→ **What is expected**: Return each of the entries below precisely, with no pictures in the result.

[[ Records for processing open ]]

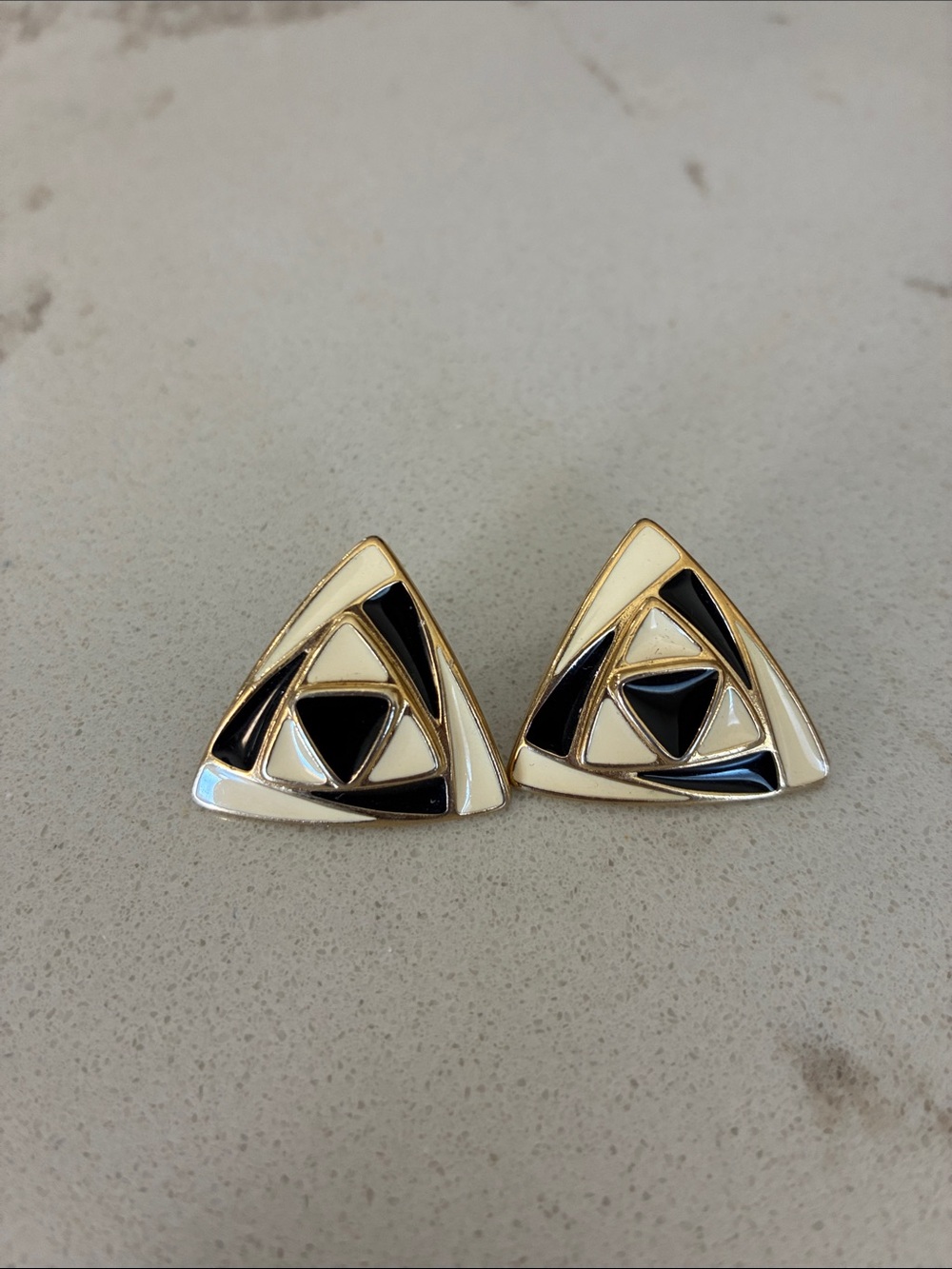 Gold-Tone Black & Cream Triangle Stud Earrings Signed Trifari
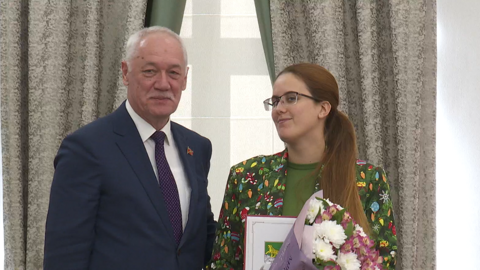 Дума Владивостока отметила работу корреспондента "Вести: Приморье" Виктории Шандыбиной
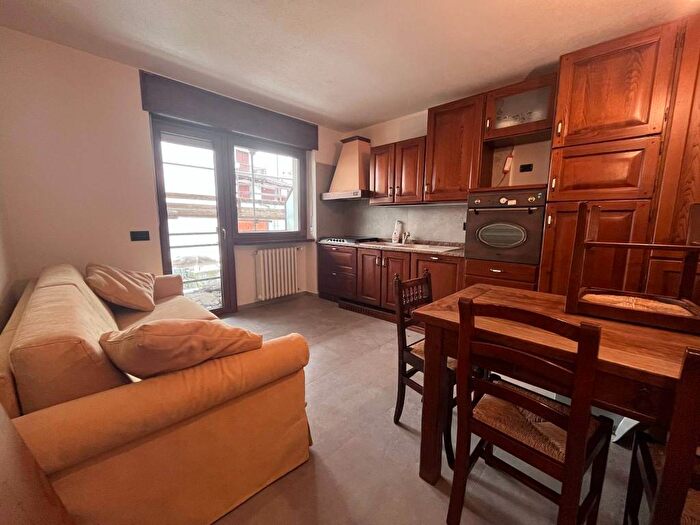 Appartamento bilocale in affitto in Via della Torre, Sauze dOulx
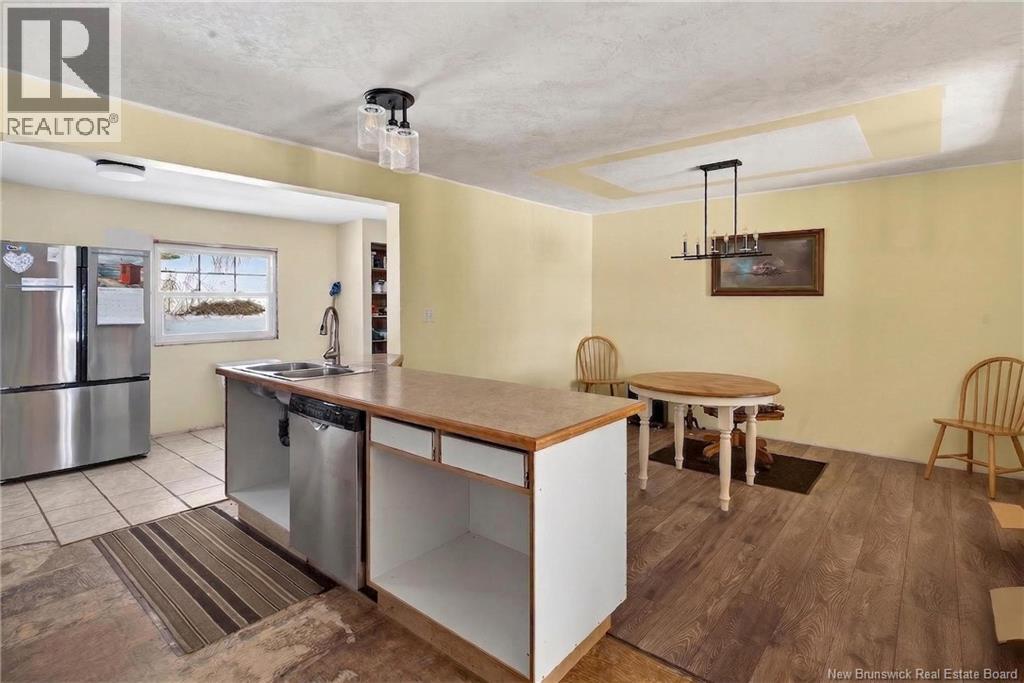 475 Sunset Drive, Dalhousie, New Brunswick  E8C 2M4 - Photo 10 - NB135634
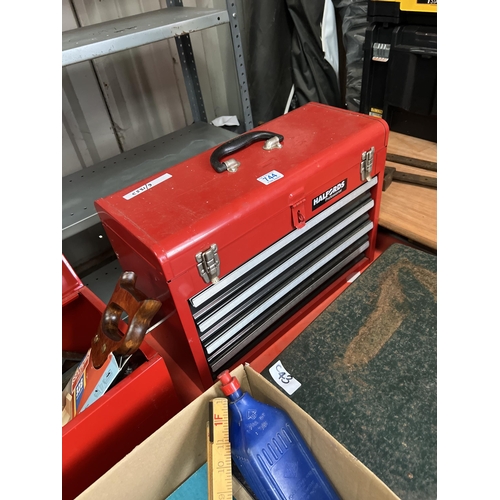 Halfords professional tool box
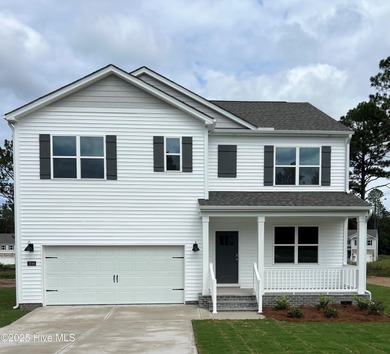 Welcome to 3044 Platinum Circle at Gretchen Pines located in on Seven Lakes Country Club in North Carolina - for sale on GolfHomes.com, golf home, golf lot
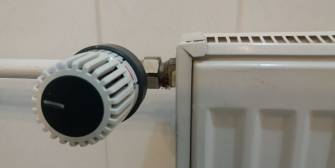 RADNICE JEDNÁ SE STAVEBNÍ BYTOVÝM DRUŽSTVEM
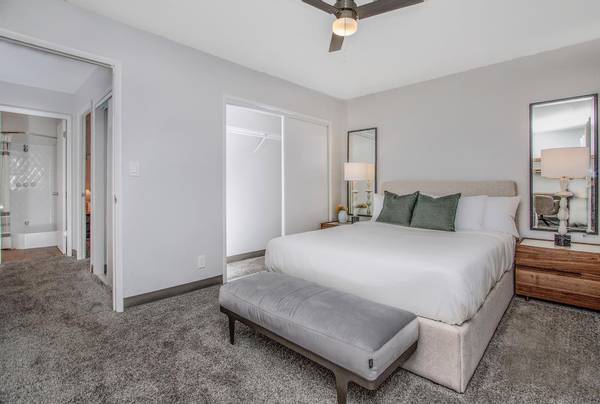 $2,655 / 2br - 882ft2 - Sparkling Resort Style Pool, Back Door Porch, Entry Screen Doors (Waipahu)63939396683651121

[[ Records for processing closed ]]

→ **Result for this exercise**:
 Gold-Tone Black & Cream Triangle Stud Earrings Signed Trifari
 Дума Владивостока отметила работу корреспондента "Вести: Приморье" Виктории Шандыбиной
 Appartamento bilocale in affitto in Via della Torre, Sauze dOulx
 475 Sunset Drive, Dalhousie, New Brunswick  E8C 2M4 - Photo 10 - NB135634
 Halfords professional tool box
 Welcome to 3044 Platinum Circle at Gretchen Pines located in on Seven Lakes Country Club in North Carolina - for sale on GolfHomes.com, golf home, golf lot
 RADNICE JEDNÁ SE STAVEBNÍ BYTOVÝM DRUŽSTVEM
 $2,655 / 2br - 882ft2 - Sparkling Resort Style Pool, Back Door Porch, Entry Screen Doors (Waipahu)63939396683651121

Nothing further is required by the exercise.